This Article is From Jan 22, 2020

On Camera, Women At CAA Protest In UP's Etawah Chased, Thrashed By Cops

Video clips show the police chasing the women in the narrow lanes of Pachraha area and raining blows with their batons as they try to break up the protest.

The women can be heard shouting and asking the police why they are being assaulted.

Etawah:

Women protesters are chased and caned by the Uttar Pradesh police, who also barge into shops and force them to shut, in mobile phone footage that has emerged from a protest in Etawah against the citizenship law on Tuesday.

Video clips show the police chasing the women in the narrow lanes of Pachraha area and raining blows with their batons as they try to break up the protest.

In a 17-second clip, the women can be heard shouting and asking the police why they are being assaulted. It is difficult to make out whether the cops hitting the women protestors are men or women, but police sources insist only women police personnel were tackling the women protestors.

Other mobile phone clips show the police lathi-charging men who had gathered in the area. In one video, cops are seen entering a roadside eatery, hitting the employees inside and shutting it down forcibly.

A policeman is on camera hitting a roadside vendor and asking him to shut shop. A senior policeman is seen in another video abusing protesters. The police have defended their crackdown, saying the protesters had thrown stones at them first.

The protest took place in Pachraha yesterday afternoon. Initially, some 150 women joined the protest but by night the numbers had swelled to 500, according to local reporters.

A tweet by the Etawah police said its personnel had been posted at the protest site and that protestors were being monitored.

Protests are raging in various parts of the country over the Citizenship Amendment Act (CAA), which the government says will help minorities from Muslim-dominated Bangladesh, Pakistan and Afghanistan to get citizenship if they fled to India because of religious persecution.
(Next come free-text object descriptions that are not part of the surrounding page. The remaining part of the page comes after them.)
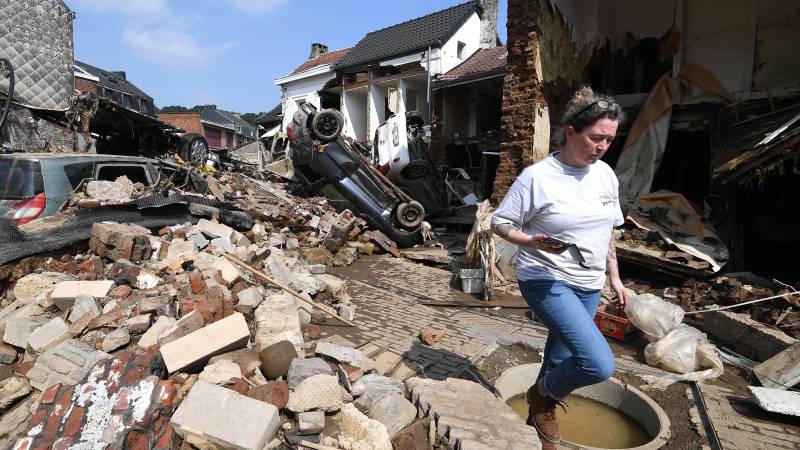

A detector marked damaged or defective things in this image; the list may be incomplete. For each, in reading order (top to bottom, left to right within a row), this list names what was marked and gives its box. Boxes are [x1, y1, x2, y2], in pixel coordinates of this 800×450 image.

damaged house [488, 0, 800, 280]
overturned car [290, 104, 440, 248]
broken concrete slab [50, 280, 115, 312]
broken concrete slab [0, 376, 30, 412]
broken concrete slab [25, 318, 70, 354]
broken concrete slab [25, 338, 111, 390]
broken concrete slab [160, 312, 250, 372]
broken concrete slab [170, 380, 280, 450]
broken concrete slab [288, 356, 332, 388]
broken concrete slab [286, 374, 342, 414]
broken concrete slab [316, 342, 362, 368]
broken concrete slab [330, 402, 392, 450]
broken concrete slab [370, 394, 418, 436]
broken concrete slab [704, 310, 796, 362]
broken concrete slab [752, 342, 796, 388]
broken concrete slab [752, 384, 800, 416]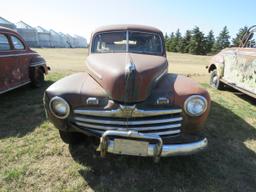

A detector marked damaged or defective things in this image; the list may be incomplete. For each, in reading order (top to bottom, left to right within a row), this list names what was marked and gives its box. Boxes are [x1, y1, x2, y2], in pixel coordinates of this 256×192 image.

parked rusty car [0, 26, 48, 94]
rusty car body [0, 26, 48, 94]
rusty car body [43, 24, 210, 161]
parked rusty car [44, 24, 211, 161]
parked rusty car [208, 24, 256, 98]
rusty car body [208, 25, 256, 99]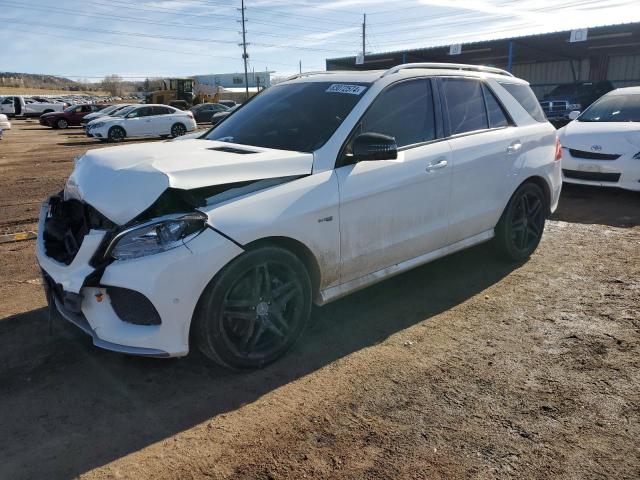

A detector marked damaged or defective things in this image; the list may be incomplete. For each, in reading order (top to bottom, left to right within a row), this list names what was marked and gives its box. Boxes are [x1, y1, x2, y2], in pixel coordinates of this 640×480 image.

crumpled hood [556, 121, 640, 155]
crumpled hood [67, 139, 312, 225]
broken headlight assembly [107, 212, 206, 260]
exposed headlight [110, 213, 208, 260]
damaged front bumper [36, 197, 244, 358]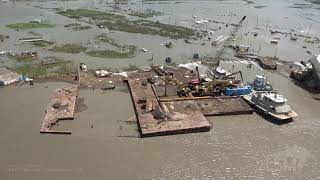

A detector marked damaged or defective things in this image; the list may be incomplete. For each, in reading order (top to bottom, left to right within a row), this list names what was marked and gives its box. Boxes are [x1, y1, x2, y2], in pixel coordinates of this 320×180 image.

rusty barge deck [40, 86, 78, 134]
rusty barge deck [125, 79, 212, 138]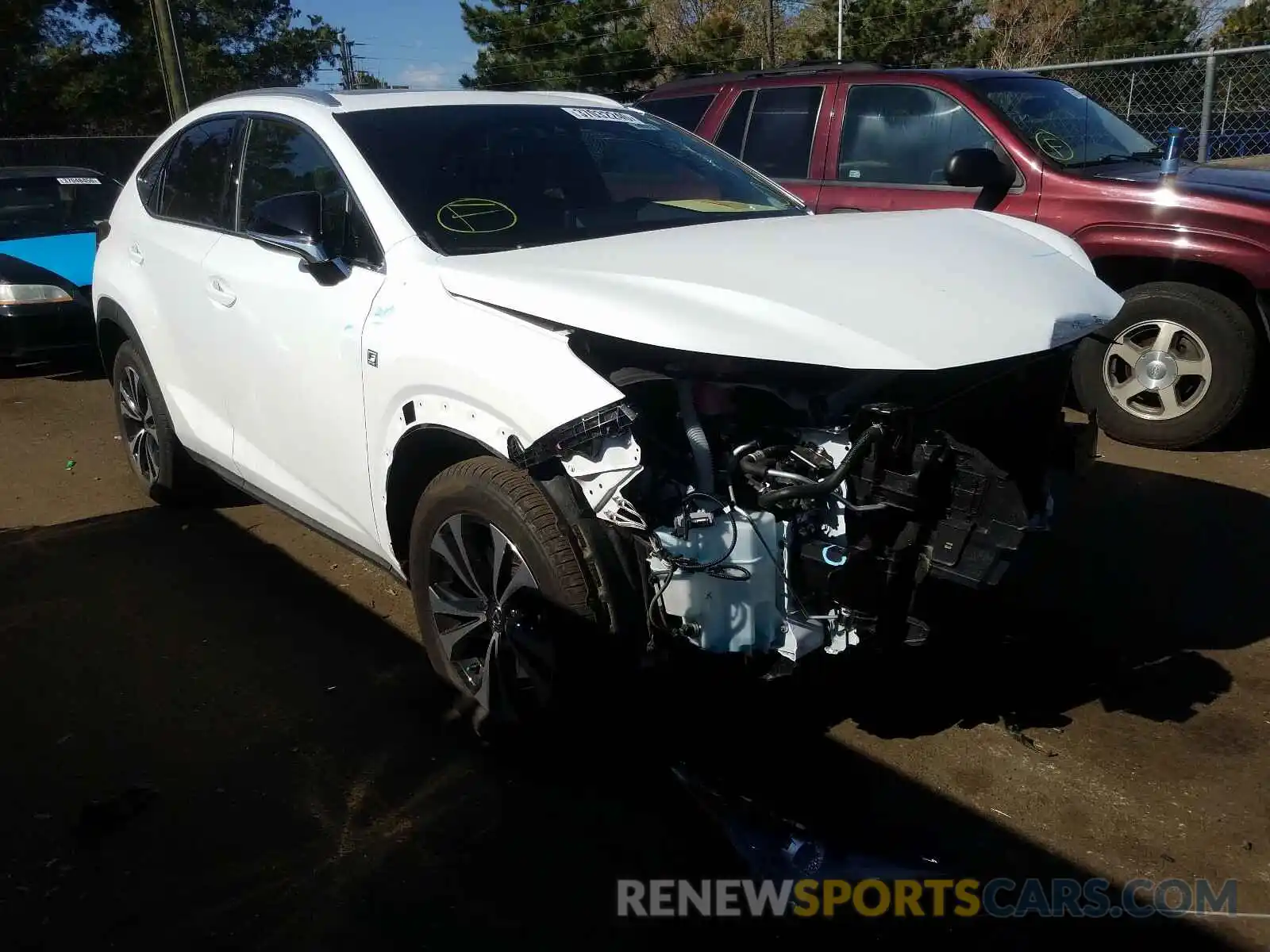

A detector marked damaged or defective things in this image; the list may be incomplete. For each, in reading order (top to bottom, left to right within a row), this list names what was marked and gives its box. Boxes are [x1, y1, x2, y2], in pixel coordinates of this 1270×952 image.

Critics of the law, among whom are students, activists, politicians, women and a number of celebrities, say the CAA, along with the National Register of Citizens, the other controversial process meant to flush out illegal migrants, would be used to target Muslims.

Lucknow has been the epicenter of protests in Uttar Pradesh. Addressing a pro-CAA rally there yesterday, Home Minister Amit Shah said the citizenship law would not be withdrawn come what may.

"Let me say this here and now, this law will not be withdrawn, no matter who protests... We are not scared of opposition, we were born in it," Mr Shah said, challenging rivals like Rahul Gandhi and Mamata Banerjee to a public debate on CAA.